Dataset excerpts

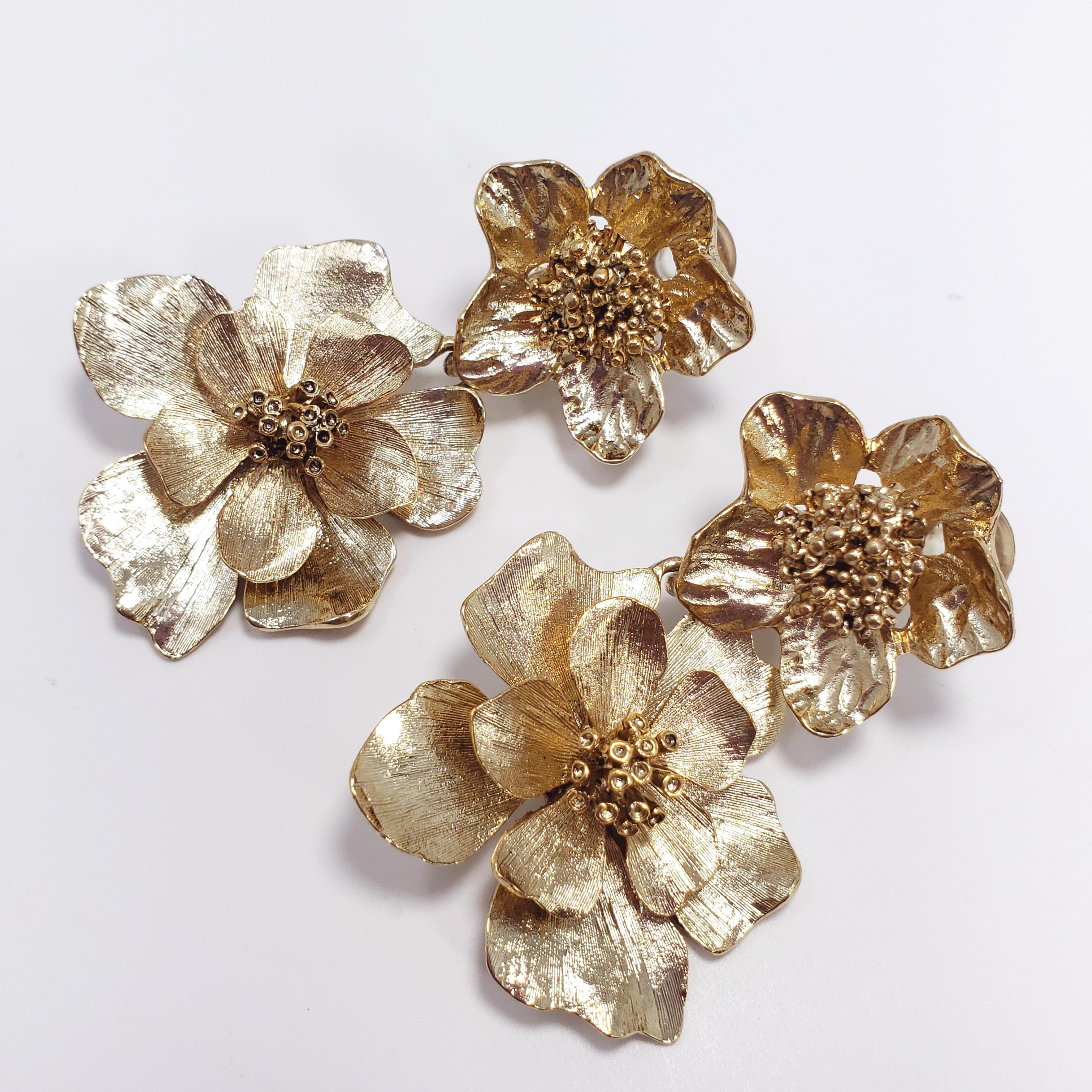 Loud and vibrant dangling clip-ons, featuring two dangling flowers on each earring, plated in 22K antique Russian gold. These Oscar de la Renta gold bold flower earrings definitely live up to their name!

6.5cm in length. The larger flower motif is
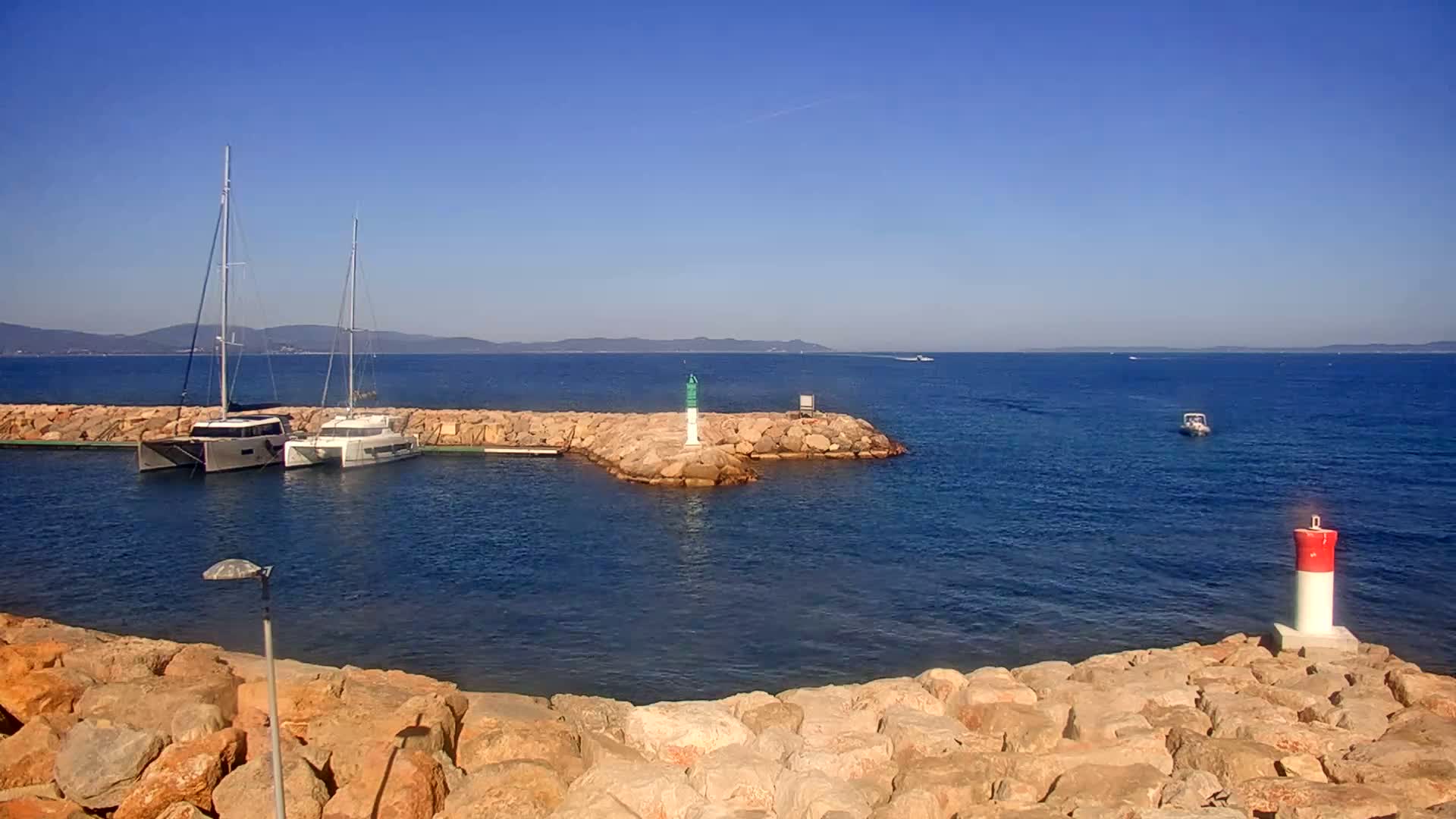 Two sailboats are moored in a calm, clear blue harbor, partially enclosed by a rocky breakwater, with a small lighthouse visible in the distance.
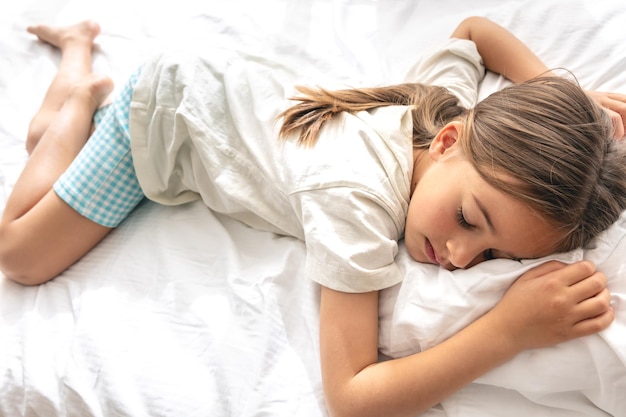 La niña linda está durmiendo en la cama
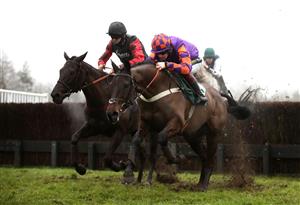 CATTERICK, ENGLAND - FEBRUARY 05: Quick Wave ridden by jockey Robert Dunne (left) and Whatsdastory ridden by jockey Sam Twiston-Davies during the Meetings That Matter On Racing TV Mares' Handicap Chase at Catterick Racecourse on February 5, 2021 in Catterick, England. (Photo by Tim Goode - Pool / Getty Images)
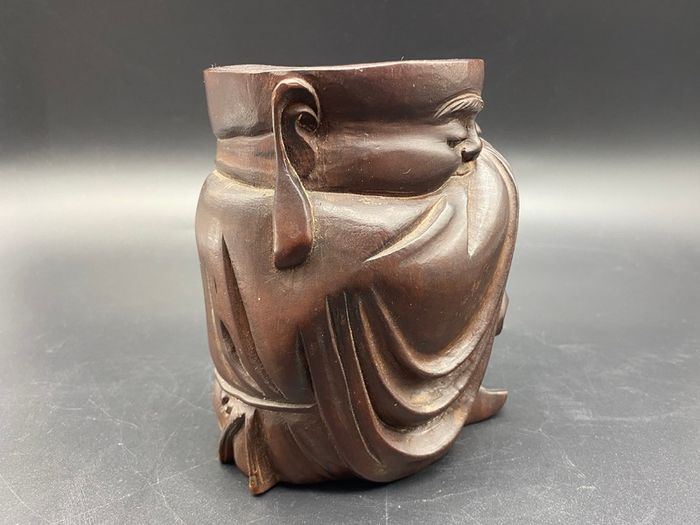 Chinese carved hardwood brush pot, carved with a Chinese Man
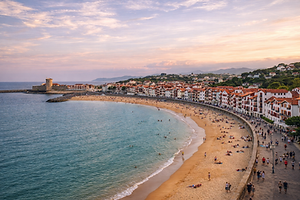 Contrairement à ses voisines de Biarritz ou d'Anglet, la plage de Saint-Jean-de-Luz offre des eaux calmes et sécurisées, grâce à un exploit d'ingénierie maritime unique au monde.

    Les Trois Digues de Socoa, Sainte-Barbe et l'Artha : Au XIXe siècle, la ville fut menacée de destruction complète par les tempêtes hivernales de l’Atlantique. Napoléon III ordonna la construction de trois digues de granit colossales fermant la baie. Ce rempart brise la force des vagues du large, transformant le littoral en un bassin paisible.

    La Grande Plage et les Passerelles Napoléon III : S'étirant sur plus d'un kilomètre de sable fin, cette plage familiale est longée par une magnifique promenade piétonne. Elle est bordée de maisons néo-basques reliées à la digue par d'élégantes passerelles en bois, offrant un cachet architectural "Belle Époque" irrésistible.

    La Pointe de Sainte-Barbe : Situé à l'extrémité nord de la baie, ce promontoire verdoyant est le poumon vert de la ville. Une promenade sur ses sentiers escarpés mène à une petite chapelle de marins et dévoile un panorama époustouflant à 360 degrés sur toute la baie, les vagues de la structure de surf de Belharra au large, et les falaises de la Corniche Basque.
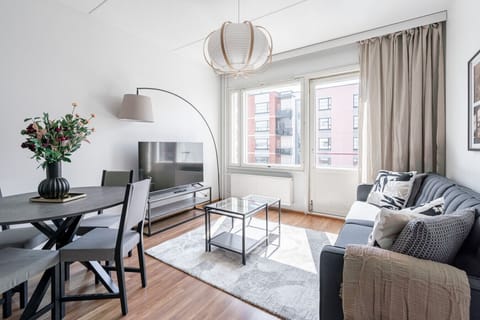 Bright and airy open-concept living space featuring a modern dining setup, comfortable sofa, and large windows that flood the room with natural light.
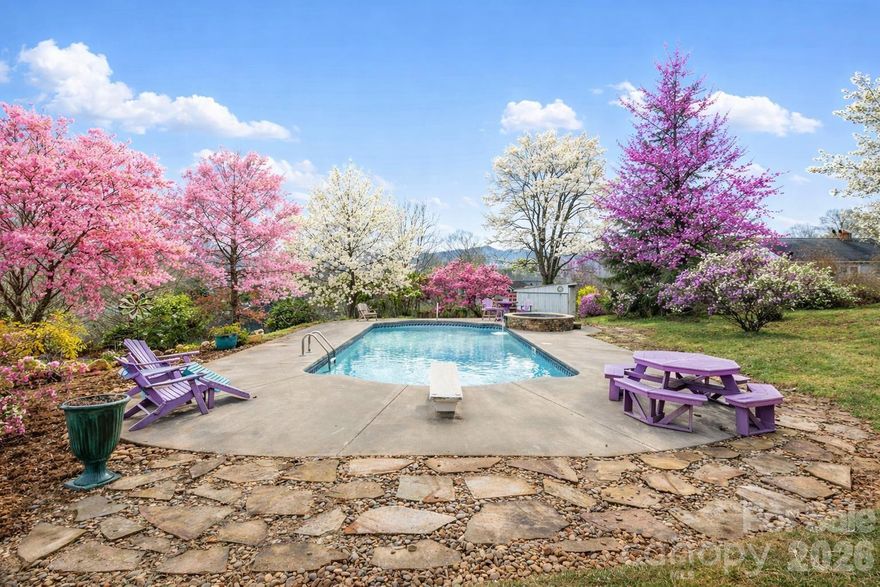 Welcome to a truly special property in the heart of Black Mountain priced below appraissal. Less than a mile from downtown and set on just under an acre, this rare offering brings together historic character, modern comfort, and the kind of mountain lifestyle people dream about. Whether you are seeking multi generational living, a unique investment opportunity, or a personal retreat, this home opens the door to endless possibilities.

The original 1907 front home immediately welcomes you with warmth and charm. Hardwood floors, a Jotul gas stove with a stone hearth, and a comfortable layout create a sense of nostalgia and story. This portion of the home includes two bedrooms, two full baths, a full kitchen, dining room, living room, and its own separate laundry. It feels like a peaceful mountain cottage, lovingly preserved and thoughtfully updated.

Step into the back home, built in 2005, and the energy shifts to bright, open, and airy. Hardwood floors, tongue and groove wood walls, and an inviting open living and kitchen area make this space ideal for gatherings. The kitchen features custom cabinets, tile surround, a farmhouse sink, and gas oven and stove. A pellet stove adds cozy ambiance. With three bedrooms and three baths, including a main level primary suite and a beautiful tiled foyer with custom stained glass, this portion of the home feels like a modern mountain retreat seamlessly connected to the past.

Outside, the property transforms into your own private oasis. Mature landscaping, perennial gardens, and a large fenced yard create a peaceful, natural setting. Take a late night soak in the salt water hot tub, cool off with a plunge in the pool, breathe in the mountain air, and watch the colors shift across the sky. This is a place where families gather, friends reconnect, and unforgettable memories are made.

Perfect for long term rental, vacation use, or extended/multigenerational  family living, this home offers versatility without sacrificing warmth or character.  Handicap accessible from the side entrance.  Its location adds even more value, with downtown Black Mountain, Lake Tomahawk, and local hiking and biking trails just moments away.

Black Mountain is known for its welcoming community spirit, walkable downtown, vibrant arts scene, and endless opportunities to enjoy the outdoors. From strolling around Lake Tomahawk to exploring local shops and galleries to discovering new favorite restaurants and breweries, the town offers a lifestyle rooted in connection, creativity, and mountain beauty.


With its blend of historic charm, thoughtful renovations, outdoor amenities, and unbeatable location, 104 Enthoffer St offers not just a home but a place to belong. A place to breathe. A place to build a life filled with meaning and mountain moments.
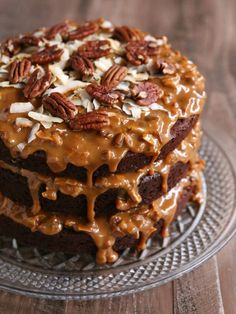 a chocolate cake with pecans and caramel drizzled on the top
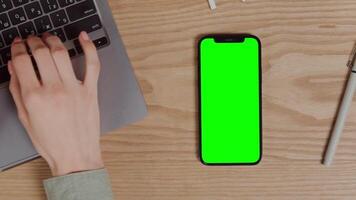 Close-up of a mobile phone with a green screen lying on a table next to a woman's hand typing on a laptop. Chroma key, mockup, copy space. in 4k format, red komodo. video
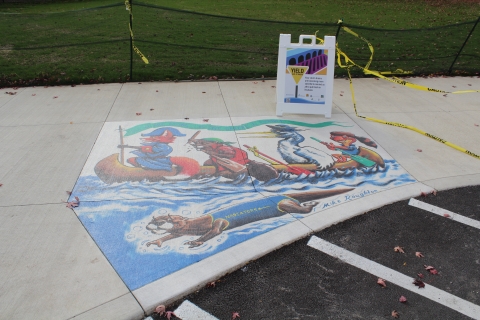 A mural of a a fox (the captain), a beaver, a pelican, and a toad rowing a canoe. An otter swimming under the canoe with a blue onesie that says "Nadiators". There's a sign behind the mural that says "Your Storm drains are becoming more colorful to remind us to put all trash in its place"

- [Your task]: Repeat the lines above precisely and skip every picture.

- [Your response]:
 Loud and vibrant dangling clip-ons, featuring two dangling flowers on each earring, plated in 22K antique Russian gold. These Oscar de la Renta gold bold flower earrings definitely live up to their name!

6.5cm in length. The larger flower motif is
 Two sailboats are moored in a calm, clear blue harbor, partially enclosed by a rocky breakwater, with a small lighthouse visible in the distance.
 La niña linda está durmiendo en la cama
 CATTERICK, ENGLAND - FEBRUARY 05: Quick Wave ridden by jockey Robert Dunne (left) and Whatsdastory ridden by jockey Sam Twiston-Davies during the Meetings That Matter On Racing TV Mares' Handicap Chase at Catterick Racecourse on February 5, 2021 in Catterick, England. (Photo by Tim Goode - Pool / Getty Images)
 Chinese carved hardwood brush pot, carved with a Chinese Man
 Contrairement à ses voisines de Biarritz ou d'Anglet, la plage de Saint-Jean-de-Luz offre des eaux calmes et sécurisées, grâce à un exploit d'ingénierie maritime unique au monde.

    Les Trois Digues de Socoa, Sainte-Barbe et l'Artha : Au XIXe siècle, la ville fut menacée de destruction complète par les tempêtes hivernales de l’Atlantique. Napoléon III ordonna la construction de trois digues de granit colossales fermant la baie. Ce rempart brise la force des vagues du large, transformant le littoral en un bassin paisible.

    La Grande Plage et les Passerelles Napoléon III : S'étirant sur plus d'un kilomètre de sable fin, cette plage familiale est longée par une magnifique promenade piétonne. Elle est bordée de maisons néo-basques reliées à la digue par d'élégantes passerelles en bois, offrant un cachet architectural "Belle Époque" irrésistible.

    La Pointe de Sainte-Barbe : Situé à l'extrémité nord de la baie, ce promontoire verdoyant est le poumon vert de la ville. Une promenade sur ses sentiers escarpés mène à une petite chapelle de marins et dévoile un panorama époustouflant à 360 degrés sur toute la baie, les vagues de la structure de surf de Belharra au large, et les falaises de la Corniche Basque.
 Bright and airy open-concept living space featuring a modern dining setup, comfortable sofa, and large windows that flood the room with natural light.
 Welcome to a truly special property in the heart of Black Mountain priced below appraissal. Less than a mile from downtown and set on just under an acre, this rare offering brings together historic character, modern comfort, and the kind of mountain lifestyle people dream about. Whether you are seeking multi generational living, a unique investment opportunity, or a personal retreat, this home opens the door to endless possibilities.

The original 1907 front home immediately welcomes you with warmth and charm. Hardwood floors, a Jotul gas stove with a stone hearth, and a comfortable layout create a sense of nostalgia and story. This portion of the home includes two bedrooms, two full baths, a full kitchen, dining room, living room, and its own separate laundry. It feels like a peaceful mountain cottage, lovingly preserved and thoughtfully updated.

Step into the back home, built in 2005, and the energy shifts to bright, open, and airy. Hardwood floors, tongue and groove wood walls, and an inviting open living and kitchen area make this space ideal for gatherings. The kitchen features custom cabinets, tile surround, a farmhouse sink, and gas oven and stove. A pellet stove adds cozy ambiance. With three bedrooms and three baths, including a main level primary suite and a beautiful tiled foyer with custom stained glass, this portion of the home feels like a modern mountain retreat seamlessly connected to the past.

Outside, the property transforms into your own private oasis. Mature landscaping, perennial gardens, and a large fenced yard create a peaceful, natural setting. Take a late night soak in the salt water hot tub, cool off with a plunge in the pool, breathe in the mountain air, and watch the colors shift across the sky. This is a place where families gather, friends reconnect, and unforgettable memories are made.

Perfect for long term rental, vacation use, or extended/multigenerational  family living, this home offers versatility without sacrificing warmth or character.  Handicap accessible from the side entrance.  Its location adds even more value, with downtown Black Mountain, Lake Tomahawk, and local hiking and biking trails just moments away.

Black Mountain is known for its welcoming community spirit, walkable downtown, vibrant arts scene, and endless opportunities to enjoy the outdoors. From strolling around Lake Tomahawk to exploring local shops and galleries to discovering new favorite restaurants and breweries, the town offers a lifestyle rooted in connection, creativity, and mountain beauty.


With its blend of historic charm, thoughtful renovations, outdoor amenities, and unbeatable location, 104 Enthoffer St offers not just a home but a place to belong. A place to breathe. A place to build a life filled with meaning and mountain moments.
 a chocolate cake with pecans and caramel drizzled on the top
 Close-up of a mobile phone with a green screen lying on a table next to a woman's hand typing on a laptop. Chroma key, mockup, copy space. in 4k format, red komodo. video
 A mural of a a fox (the captain), a beaver, a pelican, and a toad rowing a canoe. An otter swimming under the canoe with a blue onesie that says "Nadiators". There's a sign behind the mural that says "Your Storm drains are becoming more colorful to remind us to put all trash in its place"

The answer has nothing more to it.